Start of RECORDS FOR PROCESSING

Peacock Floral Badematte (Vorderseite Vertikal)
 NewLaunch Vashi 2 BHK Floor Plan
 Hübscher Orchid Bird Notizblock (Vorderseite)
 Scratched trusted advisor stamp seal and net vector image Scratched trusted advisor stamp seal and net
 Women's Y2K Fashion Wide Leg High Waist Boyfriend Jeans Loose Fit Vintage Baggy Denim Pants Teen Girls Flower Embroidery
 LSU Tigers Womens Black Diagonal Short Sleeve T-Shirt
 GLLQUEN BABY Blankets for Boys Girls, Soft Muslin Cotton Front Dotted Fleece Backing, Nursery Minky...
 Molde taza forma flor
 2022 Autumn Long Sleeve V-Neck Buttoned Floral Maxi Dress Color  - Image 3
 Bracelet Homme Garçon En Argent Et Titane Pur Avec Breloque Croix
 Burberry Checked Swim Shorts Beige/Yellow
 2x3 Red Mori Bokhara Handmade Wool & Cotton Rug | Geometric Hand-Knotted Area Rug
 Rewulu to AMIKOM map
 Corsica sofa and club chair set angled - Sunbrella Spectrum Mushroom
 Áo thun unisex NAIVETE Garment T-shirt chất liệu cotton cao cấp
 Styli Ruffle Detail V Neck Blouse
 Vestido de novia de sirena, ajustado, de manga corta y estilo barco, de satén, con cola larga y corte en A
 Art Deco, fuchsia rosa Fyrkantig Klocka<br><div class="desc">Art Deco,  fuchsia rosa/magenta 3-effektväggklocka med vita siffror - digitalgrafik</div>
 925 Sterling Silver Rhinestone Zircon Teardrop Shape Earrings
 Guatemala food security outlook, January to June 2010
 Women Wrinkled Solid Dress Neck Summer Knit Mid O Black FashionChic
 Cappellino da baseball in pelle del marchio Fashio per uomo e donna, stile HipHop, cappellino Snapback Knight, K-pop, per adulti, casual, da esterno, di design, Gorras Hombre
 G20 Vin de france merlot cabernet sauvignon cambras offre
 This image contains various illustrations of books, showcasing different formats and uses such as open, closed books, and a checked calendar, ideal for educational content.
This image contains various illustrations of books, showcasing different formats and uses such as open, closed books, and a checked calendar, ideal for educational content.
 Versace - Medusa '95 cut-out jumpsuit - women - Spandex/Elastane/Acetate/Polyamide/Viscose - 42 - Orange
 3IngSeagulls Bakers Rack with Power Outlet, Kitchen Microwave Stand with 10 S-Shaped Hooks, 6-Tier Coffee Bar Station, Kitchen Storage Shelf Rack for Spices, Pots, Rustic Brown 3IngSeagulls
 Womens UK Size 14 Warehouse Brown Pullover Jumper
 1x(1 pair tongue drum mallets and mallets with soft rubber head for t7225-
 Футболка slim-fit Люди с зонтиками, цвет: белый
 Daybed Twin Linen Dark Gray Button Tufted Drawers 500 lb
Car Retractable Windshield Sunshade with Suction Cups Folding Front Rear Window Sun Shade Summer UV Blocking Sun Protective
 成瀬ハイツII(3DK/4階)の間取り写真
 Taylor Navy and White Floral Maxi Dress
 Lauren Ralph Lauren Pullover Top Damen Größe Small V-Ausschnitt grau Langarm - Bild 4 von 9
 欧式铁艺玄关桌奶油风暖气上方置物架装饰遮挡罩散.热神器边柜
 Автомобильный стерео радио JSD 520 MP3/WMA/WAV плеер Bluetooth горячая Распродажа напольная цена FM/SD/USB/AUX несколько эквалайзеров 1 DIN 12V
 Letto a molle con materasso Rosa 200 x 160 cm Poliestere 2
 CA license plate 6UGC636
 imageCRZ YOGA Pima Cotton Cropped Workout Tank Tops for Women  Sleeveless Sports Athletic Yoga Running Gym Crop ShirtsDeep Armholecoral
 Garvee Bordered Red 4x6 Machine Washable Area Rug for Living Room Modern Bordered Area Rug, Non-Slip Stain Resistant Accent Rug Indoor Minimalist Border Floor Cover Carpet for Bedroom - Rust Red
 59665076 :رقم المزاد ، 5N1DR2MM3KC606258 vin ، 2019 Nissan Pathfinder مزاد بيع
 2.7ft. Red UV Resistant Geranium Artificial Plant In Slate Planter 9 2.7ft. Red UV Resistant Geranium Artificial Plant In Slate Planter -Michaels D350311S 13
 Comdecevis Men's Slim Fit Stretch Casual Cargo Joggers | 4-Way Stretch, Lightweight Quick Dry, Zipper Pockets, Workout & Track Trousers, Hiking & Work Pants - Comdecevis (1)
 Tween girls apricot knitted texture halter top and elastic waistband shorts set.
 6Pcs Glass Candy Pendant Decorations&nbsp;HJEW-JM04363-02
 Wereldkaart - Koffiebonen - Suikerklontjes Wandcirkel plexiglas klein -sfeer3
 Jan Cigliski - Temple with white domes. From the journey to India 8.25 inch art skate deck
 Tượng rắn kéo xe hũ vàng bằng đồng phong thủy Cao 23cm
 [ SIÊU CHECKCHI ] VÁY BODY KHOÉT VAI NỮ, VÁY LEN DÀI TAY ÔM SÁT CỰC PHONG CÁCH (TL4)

End of RECORDS FOR PROCESSING

TASK INSTRUCTIONS. The entries above must be retyped exactly, down to the last character.

SOLUTION FOR THIS PROBLEM.
Peacock Floral Badematte (Vorderseite Vertikal)
 NewLaunch Vashi 2 BHK Floor Plan
 Hübscher Orchid Bird Notizblock (Vorderseite)
 Scratched trusted advisor stamp seal and net vector image Scratched trusted advisor stamp seal and net
 Women's Y2K Fashion Wide Leg High Waist Boyfriend Jeans Loose Fit Vintage Baggy Denim Pants Teen Girls Flower Embroidery
 LSU Tigers Womens Black Diagonal Short Sleeve T-Shirt
 GLLQUEN BABY Blankets for Boys Girls, Soft Muslin Cotton Front Dotted Fleece Backing, Nursery Minky...
 Molde taza forma flor
 2022 Autumn Long Sleeve V-Neck Buttoned Floral Maxi Dress Color  - Image 3
 Bracelet Homme Garçon En Argent Et Titane Pur Avec Breloque Croix
 Burberry Checked Swim Shorts Beige/Yellow
 2x3 Red Mori Bokhara Handmade Wool & Cotton Rug | Geometric Hand-Knotted Area Rug
 Rewulu to AMIKOM map
 Corsica sofa and club chair set angled - Sunbrella Spectrum Mushroom
 Áo thun unisex NAIVETE Garment T-shirt chất liệu cotton cao cấp
 Styli Ruffle Detail V Neck Blouse
 Vestido de novia de sirena, ajustado, de manga corta y estilo barco, de satén, con cola larga y corte en A
 Art Deco, fuchsia rosa Fyrkantig Klocka<br><div class="desc">Art Deco,  fuchsia rosa/magenta 3-effektväggklocka med vita siffror - digitalgrafik</div>
 925 Sterling Silver Rhinestone Zircon Teardrop Shape Earrings
 Guatemala food security outlook, January to June 2010
 Women Wrinkled Solid Dress Neck Summer Knit Mid O Black FashionChic
 Cappellino da baseball in pelle del marchio Fashio per uomo e donna, stile HipHop, cappellino Snapback Knight, K-pop, per adulti, casual, da esterno, di design, Gorras Hombre
 G20 Vin de france merlot cabernet sauvignon cambras offre
 This image contains various illustrations of books, showcasing different formats and uses such as open, closed books, and a checked calendar, ideal for educational content.
This image contains various illustrations of books, showcasing different formats and uses such as open, closed books, and a checked calendar, ideal for educational content.
 Versace - Medusa '95 cut-out jumpsuit - women - Spandex/Elastane/Acetate/Polyamide/Viscose - 42 - Orange
 3IngSeagulls Bakers Rack with Power Outlet, Kitchen Microwave Stand with 10 S-Shaped Hooks, 6-Tier Coffee Bar Station, Kitchen Storage Shelf Rack for Spices, Pots, Rustic Brown 3IngSeagulls
 Womens UK Size 14 Warehouse Brown Pullover Jumper
 1x(1 pair tongue drum mallets and mallets with soft rubber head for t7225-
 Футболка slim-fit Люди с зонтиками, цвет: белый
 Daybed Twin Linen Dark Gray Button Tufted Drawers 500 lb
Car Retractable Windshield Sunshade with Suction Cups Folding Front Rear Window Sun Shade Summer UV Blocking Sun Protective
 成瀬ハイツII(3DK/4階)の間取り写真
 Taylor Navy and White Floral Maxi Dress
 Lauren Ralph Lauren Pullover Top Damen Größe Small V-Ausschnitt grau Langarm - Bild 4 von 9
 欧式铁艺玄关桌奶油风暖气上方置物架装饰遮挡罩散.热神器边柜
 Автомобильный стерео радио JSD 520 MP3/WMA/WAV плеер Bluetooth горячая Распродажа напольная цена FM/SD/USB/AUX несколько эквалайзеров 1 DIN 12V
 Letto a molle con materasso Rosa 200 x 160 cm Poliestere 2
 CA license plate 6UGC636
 imageCRZ YOGA Pima Cotton Cropped Workout Tank Tops for Women  Sleeveless Sports Athletic Yoga Running Gym Crop ShirtsDeep Armholecoral
 Garvee Bordered Red 4x6 Machine Washable Area Rug for Living Room Modern Bordered Area Rug, Non-Slip Stain Resistant Accent Rug Indoor Minimalist Border Floor Cover Carpet for Bedroom - Rust Red
 59665076 :رقم المزاد ، 5N1DR2MM3KC606258 vin ، 2019 Nissan Pathfinder مزاد بيع
 2.7ft. Red UV Resistant Geranium Artificial Plant In Slate Planter 9 2.7ft. Red UV Resistant Geranium Artificial Plant In Slate Planter -Michaels D350311S 13
 Comdecevis Men's Slim Fit Stretch Casual Cargo Joggers | 4-Way Stretch, Lightweight Quick Dry, Zipper Pockets, Workout & Track Trousers, Hiking & Work Pants - Comdecevis (1)
 Tween girls apricot knitted texture halter top and elastic waistband shorts set.
 6Pcs Glass Candy Pendant Decorations&nbsp;HJEW-JM04363-02
 Wereldkaart - Koffiebonen - Suikerklontjes Wandcirkel plexiglas klein -sfeer3
 Jan Cigliski - Temple with white domes. From the journey to India 8.25 inch art skate deck
 Tượng rắn kéo xe hũ vàng bằng đồng phong thủy Cao 23cm
 [ SIÊU CHECKCHI ] VÁY BODY KHOÉT VAI NỮ, VÁY LEN DÀI TAY ÔM SÁT CỰC PHONG CÁCH (TL4)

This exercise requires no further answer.